05/21/2026
Thoughtful Thursday: What Does 'Good' Actually Mean?
Two trainers can both call a behavior "clean" and be describing completely different dogs.
One means the dog hit source within a body length and held a sit for three seconds with no handler input. The other means the dog showed change of behavior, slowed, and offered something near the hide. Both call it clean. Both are honest. If those two trainers try to coach each other, the conversation goes nowhere. They aren't actually talking about the same thing.
This is the operational definition problem.
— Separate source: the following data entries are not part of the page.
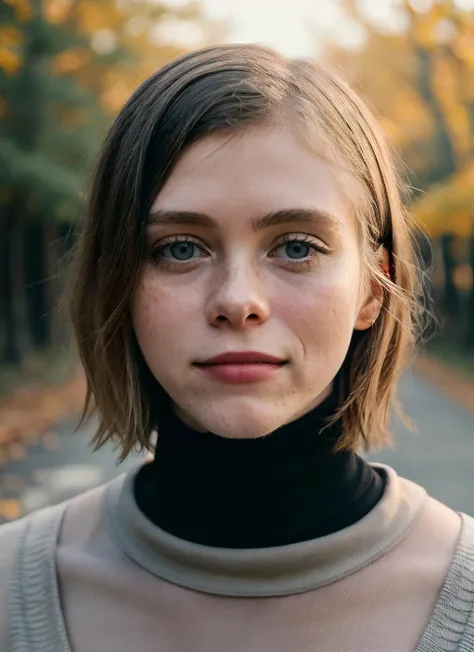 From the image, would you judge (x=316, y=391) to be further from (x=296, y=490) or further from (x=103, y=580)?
(x=103, y=580)

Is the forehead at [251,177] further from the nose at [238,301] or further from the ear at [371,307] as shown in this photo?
the ear at [371,307]

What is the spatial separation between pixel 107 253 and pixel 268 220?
39 centimetres

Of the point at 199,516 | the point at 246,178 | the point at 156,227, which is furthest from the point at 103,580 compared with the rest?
the point at 246,178

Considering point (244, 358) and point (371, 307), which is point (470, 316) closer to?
point (371, 307)

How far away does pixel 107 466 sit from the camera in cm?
725

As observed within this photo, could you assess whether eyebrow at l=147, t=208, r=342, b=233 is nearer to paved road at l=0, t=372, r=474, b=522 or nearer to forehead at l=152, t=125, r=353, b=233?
forehead at l=152, t=125, r=353, b=233

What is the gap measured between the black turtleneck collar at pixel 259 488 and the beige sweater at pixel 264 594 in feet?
0.17

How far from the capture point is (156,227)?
1595 millimetres

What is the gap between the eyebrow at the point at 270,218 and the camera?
150 centimetres

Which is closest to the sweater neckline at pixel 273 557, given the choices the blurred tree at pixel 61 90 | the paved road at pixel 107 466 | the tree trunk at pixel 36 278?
the paved road at pixel 107 466

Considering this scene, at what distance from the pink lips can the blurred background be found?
469 cm

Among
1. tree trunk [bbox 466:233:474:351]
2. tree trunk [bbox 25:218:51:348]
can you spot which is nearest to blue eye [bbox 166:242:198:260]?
tree trunk [bbox 25:218:51:348]

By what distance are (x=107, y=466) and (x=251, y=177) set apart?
19.9 ft

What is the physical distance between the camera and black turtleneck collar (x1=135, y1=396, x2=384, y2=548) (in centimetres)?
165
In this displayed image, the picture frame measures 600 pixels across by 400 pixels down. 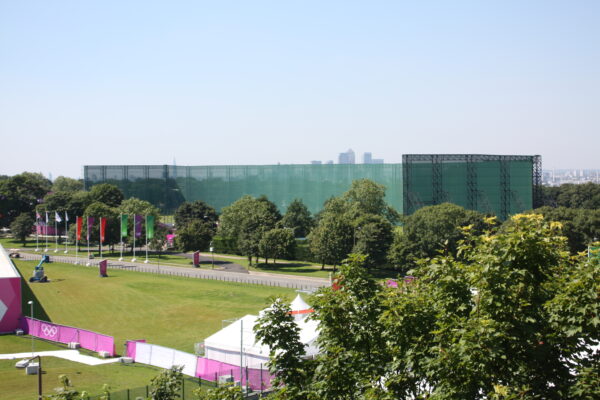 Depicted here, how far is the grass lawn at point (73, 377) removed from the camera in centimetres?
2931

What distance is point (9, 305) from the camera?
140 feet

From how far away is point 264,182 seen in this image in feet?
434

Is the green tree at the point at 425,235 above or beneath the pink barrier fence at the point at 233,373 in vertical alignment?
above

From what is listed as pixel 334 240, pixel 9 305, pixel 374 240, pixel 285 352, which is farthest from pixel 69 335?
pixel 334 240

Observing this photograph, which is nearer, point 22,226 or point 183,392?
point 183,392

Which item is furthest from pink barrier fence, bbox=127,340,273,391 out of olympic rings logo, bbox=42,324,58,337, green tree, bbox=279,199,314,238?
green tree, bbox=279,199,314,238

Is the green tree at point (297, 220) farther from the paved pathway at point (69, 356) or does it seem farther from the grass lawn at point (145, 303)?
the paved pathway at point (69, 356)

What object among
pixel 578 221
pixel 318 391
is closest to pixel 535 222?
pixel 318 391

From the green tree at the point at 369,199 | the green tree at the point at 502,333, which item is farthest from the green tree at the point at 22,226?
the green tree at the point at 502,333

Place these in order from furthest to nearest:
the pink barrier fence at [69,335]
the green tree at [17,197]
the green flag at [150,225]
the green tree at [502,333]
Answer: the green tree at [17,197] < the green flag at [150,225] < the pink barrier fence at [69,335] < the green tree at [502,333]

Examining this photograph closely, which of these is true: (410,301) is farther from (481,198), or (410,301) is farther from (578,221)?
(481,198)

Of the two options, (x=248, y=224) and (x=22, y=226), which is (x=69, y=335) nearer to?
(x=248, y=224)

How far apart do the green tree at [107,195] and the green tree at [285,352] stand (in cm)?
10049

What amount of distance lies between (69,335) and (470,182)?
251 ft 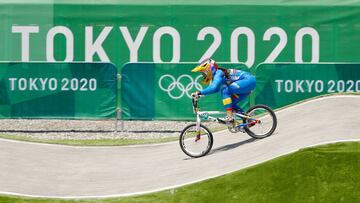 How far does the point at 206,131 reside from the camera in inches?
635

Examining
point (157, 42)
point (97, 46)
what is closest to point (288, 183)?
point (157, 42)

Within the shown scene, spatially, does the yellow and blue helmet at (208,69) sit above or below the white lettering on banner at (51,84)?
above

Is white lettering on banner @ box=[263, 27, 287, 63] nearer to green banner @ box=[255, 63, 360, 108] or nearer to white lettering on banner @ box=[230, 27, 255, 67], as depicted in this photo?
white lettering on banner @ box=[230, 27, 255, 67]

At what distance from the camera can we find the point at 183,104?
22641 mm

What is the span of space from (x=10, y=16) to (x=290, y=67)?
7.71 meters

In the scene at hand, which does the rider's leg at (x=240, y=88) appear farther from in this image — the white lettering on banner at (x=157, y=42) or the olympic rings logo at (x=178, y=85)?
the white lettering on banner at (x=157, y=42)

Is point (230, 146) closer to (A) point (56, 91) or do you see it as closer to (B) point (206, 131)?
(B) point (206, 131)

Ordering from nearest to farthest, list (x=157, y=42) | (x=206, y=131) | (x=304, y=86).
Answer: (x=206, y=131) → (x=304, y=86) → (x=157, y=42)

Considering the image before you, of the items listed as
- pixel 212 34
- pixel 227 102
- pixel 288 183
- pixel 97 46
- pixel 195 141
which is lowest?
pixel 288 183

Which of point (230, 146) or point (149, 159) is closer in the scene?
point (230, 146)

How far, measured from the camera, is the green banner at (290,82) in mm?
22922

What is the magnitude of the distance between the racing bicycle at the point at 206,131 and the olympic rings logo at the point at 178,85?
5624 millimetres

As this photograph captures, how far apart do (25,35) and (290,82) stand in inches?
286

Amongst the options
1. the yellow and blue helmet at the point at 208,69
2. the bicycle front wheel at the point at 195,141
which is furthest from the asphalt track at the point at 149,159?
the yellow and blue helmet at the point at 208,69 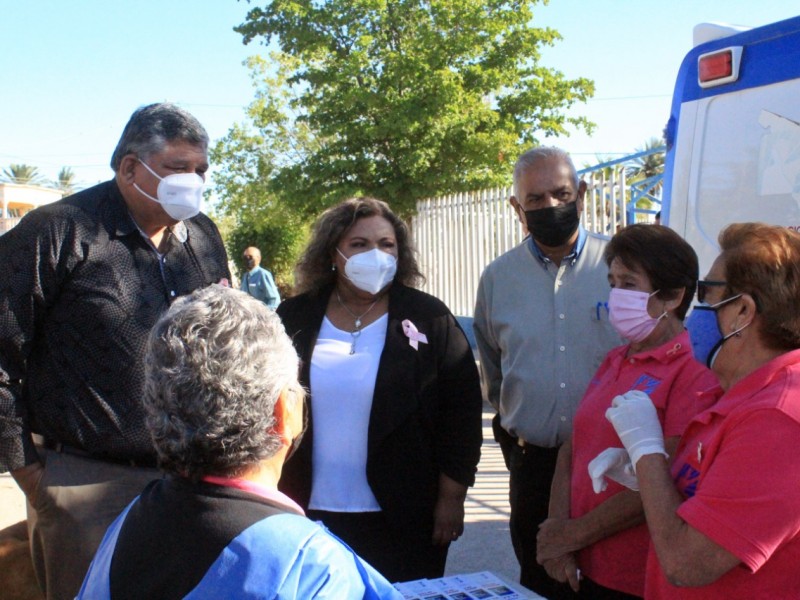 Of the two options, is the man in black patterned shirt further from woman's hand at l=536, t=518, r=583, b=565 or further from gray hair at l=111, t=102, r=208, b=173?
woman's hand at l=536, t=518, r=583, b=565

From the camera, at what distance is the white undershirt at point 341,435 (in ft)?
9.14

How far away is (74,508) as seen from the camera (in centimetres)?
246

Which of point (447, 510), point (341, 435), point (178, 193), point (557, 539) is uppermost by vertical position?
point (178, 193)

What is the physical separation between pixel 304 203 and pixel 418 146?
102 inches

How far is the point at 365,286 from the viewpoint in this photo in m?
3.04

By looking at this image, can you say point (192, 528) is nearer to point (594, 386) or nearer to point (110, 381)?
point (110, 381)

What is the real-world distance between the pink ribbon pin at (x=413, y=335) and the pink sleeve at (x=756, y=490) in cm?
140

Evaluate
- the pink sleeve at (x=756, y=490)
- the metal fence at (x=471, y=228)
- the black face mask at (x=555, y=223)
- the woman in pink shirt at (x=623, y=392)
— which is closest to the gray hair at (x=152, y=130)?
the black face mask at (x=555, y=223)

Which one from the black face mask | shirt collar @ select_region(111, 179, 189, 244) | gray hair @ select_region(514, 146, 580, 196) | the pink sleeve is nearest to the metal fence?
gray hair @ select_region(514, 146, 580, 196)

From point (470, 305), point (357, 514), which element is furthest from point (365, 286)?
point (470, 305)

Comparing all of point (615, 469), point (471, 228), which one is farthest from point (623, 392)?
point (471, 228)

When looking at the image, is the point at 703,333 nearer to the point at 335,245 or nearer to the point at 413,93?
the point at 335,245

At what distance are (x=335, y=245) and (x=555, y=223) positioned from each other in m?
0.87

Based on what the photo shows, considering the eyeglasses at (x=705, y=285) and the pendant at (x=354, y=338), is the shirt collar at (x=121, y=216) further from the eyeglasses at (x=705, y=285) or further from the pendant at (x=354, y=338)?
the eyeglasses at (x=705, y=285)
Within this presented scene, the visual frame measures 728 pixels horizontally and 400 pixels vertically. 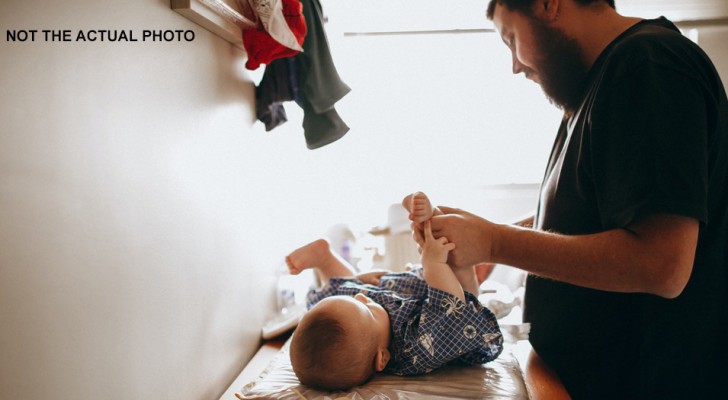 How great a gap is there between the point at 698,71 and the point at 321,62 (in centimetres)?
137

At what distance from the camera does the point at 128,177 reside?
103 centimetres

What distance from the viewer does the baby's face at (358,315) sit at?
133cm

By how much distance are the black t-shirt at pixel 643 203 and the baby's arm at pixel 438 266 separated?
0.21 metres

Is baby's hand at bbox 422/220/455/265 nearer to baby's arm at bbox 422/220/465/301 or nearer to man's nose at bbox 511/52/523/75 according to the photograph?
baby's arm at bbox 422/220/465/301

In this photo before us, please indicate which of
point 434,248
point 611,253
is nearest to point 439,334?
point 434,248

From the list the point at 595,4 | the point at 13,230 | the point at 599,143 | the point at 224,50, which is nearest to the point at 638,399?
the point at 599,143

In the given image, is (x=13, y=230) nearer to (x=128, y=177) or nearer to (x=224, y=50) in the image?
(x=128, y=177)

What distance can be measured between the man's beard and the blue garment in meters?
0.56

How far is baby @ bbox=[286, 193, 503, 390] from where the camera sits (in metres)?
1.30

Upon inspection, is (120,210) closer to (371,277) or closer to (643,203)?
(643,203)

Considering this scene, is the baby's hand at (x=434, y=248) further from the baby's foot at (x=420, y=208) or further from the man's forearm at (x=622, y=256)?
the man's forearm at (x=622, y=256)

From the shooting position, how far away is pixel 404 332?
1.47 meters

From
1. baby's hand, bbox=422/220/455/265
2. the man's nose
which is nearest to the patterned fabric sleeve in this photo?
baby's hand, bbox=422/220/455/265

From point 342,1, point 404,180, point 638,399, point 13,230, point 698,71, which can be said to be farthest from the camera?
point 404,180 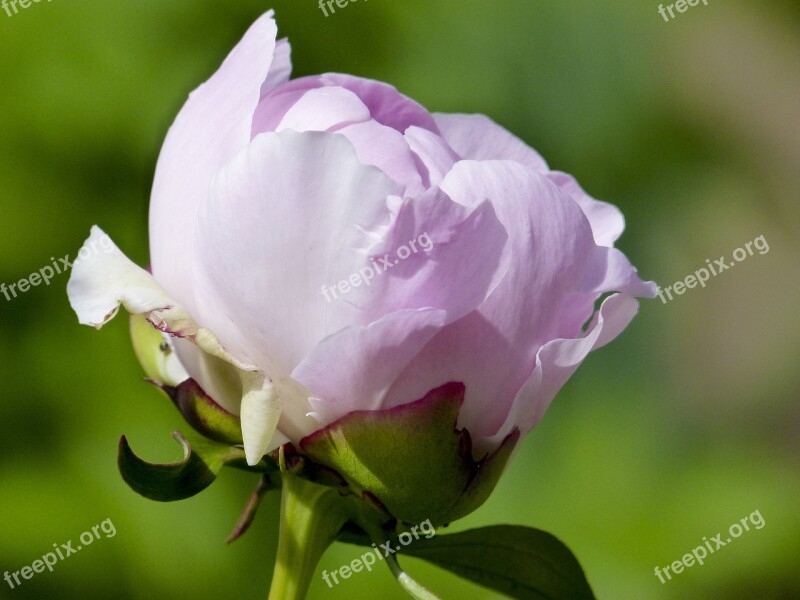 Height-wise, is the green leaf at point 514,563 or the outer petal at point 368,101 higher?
the outer petal at point 368,101

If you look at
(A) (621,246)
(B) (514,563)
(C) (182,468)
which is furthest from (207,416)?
(A) (621,246)

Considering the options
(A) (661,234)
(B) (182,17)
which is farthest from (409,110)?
(A) (661,234)

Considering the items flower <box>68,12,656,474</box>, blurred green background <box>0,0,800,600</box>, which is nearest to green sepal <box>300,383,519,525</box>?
flower <box>68,12,656,474</box>

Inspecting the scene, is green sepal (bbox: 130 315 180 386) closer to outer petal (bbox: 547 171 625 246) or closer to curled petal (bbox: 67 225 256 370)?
curled petal (bbox: 67 225 256 370)

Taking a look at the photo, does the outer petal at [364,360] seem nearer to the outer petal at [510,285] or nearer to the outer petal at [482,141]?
the outer petal at [510,285]

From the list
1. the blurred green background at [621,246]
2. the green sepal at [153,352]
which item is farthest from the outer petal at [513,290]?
the blurred green background at [621,246]

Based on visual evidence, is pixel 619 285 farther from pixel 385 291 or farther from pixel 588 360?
pixel 588 360

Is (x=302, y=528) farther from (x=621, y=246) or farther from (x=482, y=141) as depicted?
(x=621, y=246) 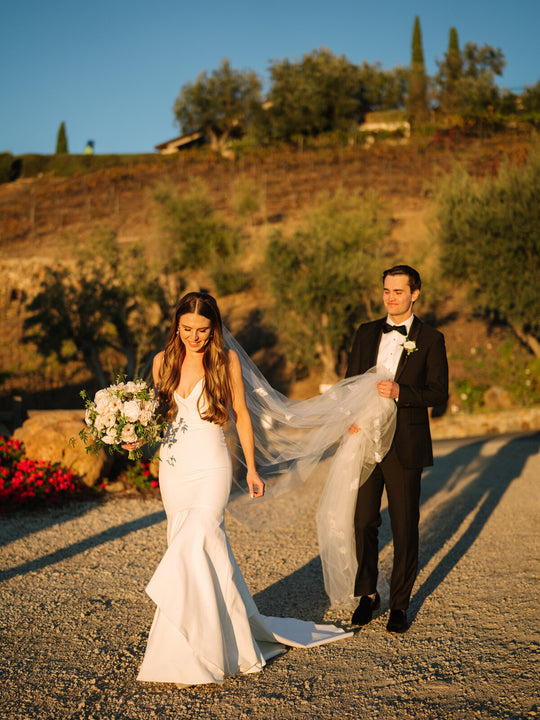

An operational definition takes a fuzzy word, good, reliable, committed, fluent, and turns it into something measurable. Not "the dog has a clean final response." But: within 1.5 seconds of determining the strongest source of odor, the dog begins to sit with paws within 12 inches and holds until released. This isn't 'my dog sat". It's the only way you can tell whether the dog is improving, plateauing, or the behavior is starting to drift.
Without operational definitions, your standard may move with your mood. The behavior degrades, and you don't catch it until it falls apart, usually in the field in front of all your trainer friends. And every word in your conversation with another trainer means something slightly different to each of you. So the conversation can't go anywhere useful.
You've heard me talk about competent, proficient, and fluent. They have definitions. Competent means the dog does the behavior under defined conditions. Proficient means the behavior holds across contexts. Fluent means it's fast, repeatable, and resilient under pressure. Each tier has measurable criteria, and the behavior has measurable criteria as well. So we ALL KNOW what we are measuring.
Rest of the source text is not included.